Why the RBA won’t save you

February 21, 2013, 5:49 pm Michael Pascoe Yahoo7

Let’s take a look at the likely direction of home, deposit and credit card interest rates and what you should be doing about them.

The latest Reserve Bank board minutes make a curious meal – the proverbial curate’s egg – with no promise to quickly make life nicer for borrowers or savers.

With inflation tame and economic growth a bit below par but expected to get back to it next year, maybe, there’s not likely to be much action on the interest rate front. There are plenty of commentators around still calling on the RBA to cut rates by another 25 or 50 points, but I’m still calling on Lotto to give me a million-dollar win without much success. Another trimming is much more likely than a rise, but dramatic moves are off the table, barring something catastrophic from overseas again roiling markets.

As suggested here last week, interest rates should still ease without the RBA moving its official cash rate, but the minutes warn it will be a slow process. The RBA says banks’ cheaper wholesale funding costs will take time to move through to their bottom line and that competition for domestic deposits remains strong. Mind you, that board meeting was before the CBA results showed our biggest mortgage lender had indeed been able to increase its margins a smidge.

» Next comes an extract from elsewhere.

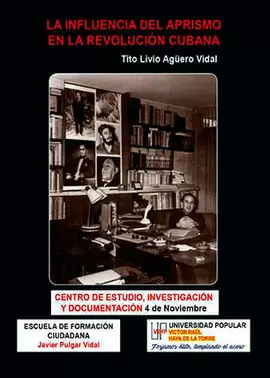 LA INFLUENCIA DEL APRISMO EN LA REVOLUCIÓN CUBANA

So there’s no magic bullet there for those wanting lower interest rates – it’s still a matter of playing one institution off against the other to negotiate better rates yourself.

(And a little digression here for those who complain that credit card interest rates have barely come down at all: That’s sort-of right, the standard Visa or Mastercard from your local bank continues to charge an outrageous rate that has barely moved – but you’re a mug if you’re paying it. If you can’t manage to pay off your monthly credit card bill in full, there are plenty of no-frills, no frequent-flyer-points cards around that have less than usurious rates. And if you’re sailing so close to the financial wind that you’re not paying off your cards, you should forget about chasing points – they aren’t worth the interest bill.)

Perversely, it’s a similar message for savers bemoaning the lower rates on offer from banks. The same set of RBA minutes paint a picture of interest rates in Australia staying down for some years. Inflation is staying low and economic growth this year is expected to be only about 2.5 per cent, rising to around 3 per cent later next year. The competition among banks for local deposits is stopping them falling through the floor, but those days of a lazy 6 per cent and more for parking your spare cash in an on-line account are gone for as far as the eye can see. The rates on offer are more likely to slide further than rise.

Which is why savers, like borrowers, have to be prepared to do the little bit of work required to get the most out of their money – and that always means not trusting their friendly local bank manager to do the best thing for them. There are plenty of comparison sites around that demonstrate the best interest rates are to be had from on-line brands, not the bricks-and-mortar institutions.

Indeed, there’s little difference between the mug paying 20 per cent on a credit card debt and the mug accepting 3 per cent (or much worse) on their savings in a bank. The on-line brigade – Ubank, Rabo, ING the obvious candidates – are just as safe as the CBA, NAB, Westpac and ANZ but will pay more to borrow your money, if you let them.

If you’re taking what the big four banks are offering for deposits, you must be lazy or rich enough to think you don’t have to count pennies. Aside from making use of a mortgage offset account (normally by far the best option for owner-occupiers), leaving cash in your bank instead of sweeping it to and from an on-line alternative is an act of charity – and our bankers don’t need that.